Dans un courrier du 3 juillet 1956, toujours adressé à Monsieur Kalff, il poursuit : « La raison de mon intervention n’est pas de faire un local de plus dans ma carrière, mais bien de créer avec vous autres un premier « jeu électronique », électronique, synchronique, où la lumière, le dessin, la couleur, le volume, le mouvement, et l’idée font un tout étonnant et accessible, bien entendu, à la foule. »

Il précise d’ailleurs qu’il agit en tant que créateur d’un scénario semblable à un film, avec un minutage et un découpage. Ce scénario prévoit donc la projection d’images, de photos et de films de couleurs variées et différentes sur les parois du Pavillon, l’ensemble étant soutenu par une œuvre musicale originale. La projection durera 10 minutes et les quelques 500 spectateurs en déplacement seront entourés de sons et de lumières.

 

ARCHITECTURE DU PAVILLON PHILIPS 



L’architecture du Pavillon n’est pas la priorité de Le Corbusier. Impliqué dans un gigantesque projet, notamment dans la construction d'une ville entière en Chandigargh, en Inde, sa participation à l’architecture même du Pavillon n’aura été qu’une idée générale en forme de coque. C’est son jeune assistant, grand compositeur par ailleurs, Iannis Xenakis qui imagine la structure paraboloïde-hyperbolique et qui se charge du dossier.


Pour Le Corbusier, seul comptaient l’intérieur et la projection du Poème Electronique.
Les indications générales de Le Corbusier adressées aux partenaires du projet se résument aux points suivants :

1. l’intérieur ressemblerait à un estomac de vache et pouvant accueillir 500 personnes par tranches de 10 minutes.
2. les spectateurs se déplaceraient en musique selon une courbe illustrée et illuminée pendant 8 minutes.
3. Autour d’eux, se succèderaient lumières colorées, images et film sonorisés par près de 350 haut-parleurs entourant le public.

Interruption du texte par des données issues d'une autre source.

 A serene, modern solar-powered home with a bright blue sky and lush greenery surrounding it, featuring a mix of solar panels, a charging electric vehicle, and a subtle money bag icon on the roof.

4. A la fin, les spectateurs quittent le Pavillon par une autre issue, comme digéré par l’estomac.
5. Près de 20.000 visiteurs par jour visiteraient le Pavillon.
6. Iannis Xenakis composerait la musique pour les temps morts ou pour les déplacements du public.
7. Le Corbusier fournirait les images à projeter pendant les 480 secondes de l’événement.
8. La musique devra être indépendante de l’image. Surtout, il ne faudra faire aucune tentative de lien entre les deux arts, sauf au moment de silence spécifié à la sixième minute.

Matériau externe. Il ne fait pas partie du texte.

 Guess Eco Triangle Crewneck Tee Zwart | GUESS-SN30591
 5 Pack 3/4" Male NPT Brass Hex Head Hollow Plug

Ainsi, Xenakis finit par être le coordinateur principal du projet au cours des deux années de sa réalisation, en créant le design extérieur et assurant la coordination de l'équipe artistique.


Le design est celui d'une tente à trois volets, construit avec des paraboloïdes hyperboliques, formes très à la mode chez un certain nombre de designers et artistes en arts visuels à l'époque.


Le Pavillon est composé de 12 parois inclinées à courbes paraboloïdes hyperboliques qui s’élèvent et se rejoignent en trois sommets. Les éléments en béton qui le constituent, préparés au sol, mesurent environ 1,5 m de côté et 5 cm d’épaisseur. Les parois ont été montées au moyen d’un échafaudage intérieur et sont soutenues par un double maillage de câbles de 8 mm tendu sur des mâts cylindriques en béton fortement armé. Les appareils servant à la réalisation du « Poème » (350 haut-parleurs et 30.000 soudures de fils électriques) sont placés derrière une barrière de béton qui court le long des parois latérales recouvertes d’un matériau anti-bruit.


A l’intérieur, cinq effets d'éclairage se partagent les écrans :
- Des lumières colorées projetées sur les murs qui accentuent la forme de l'intérieur;
- Deux personnages suspendus dans l'espace - une figure féminine et une sculpture abstraite en tubes métalliques - qui brillent en rouge et bleu verdâtre lorsqu'il est irradié par la lumière ultraviolette;


- Deux grands écrans, dans lesquels les images et les films ont été projetés;
- Des zones en surbrillance autour des écrans de projection où des faisceaux colorés de figures lumineuses ou en noir et blanc sont projetés
- Des images du soleil, de la lune et des étoiles sur le plafond.



La composante audio, quant à elle, devait être une démonstration des effets de la stéréophonie, de la réverbération et de l’écho. Les sons se déplaceront littéralement dans l'espace autour du public. Varèse aura finalement été en mesure de réaliser ce mouvement des sons dans l'espace grâce à une bande sonore composée de trois pistes. Il y avait 350 hauts-parleurs gérés par 20 amplificateurs (six amplificateurs assignés pour la première piste, huit pour la deuxième, et six pour la troisième). Une cassette à piste envoie des signaux de commandes aux projecteurs et aux amplificateurs. Les sons doivent se déplacer dans tout l’espace en se propageant d’un haut-parleur à l’autre. Les crescendos rapides et les silences brusques ont été calculés pour exploiter la réverbération de l'espace.

EDGARD VARESE

 

En matière de collaboration musicale, Le Corbusier écrit à Edgard Varèse et lui soumet ce projet.

 

Edgar Varèse est un compositeur français qui vit aux Etats Unis. Il est né en 1883 et mort en 1965.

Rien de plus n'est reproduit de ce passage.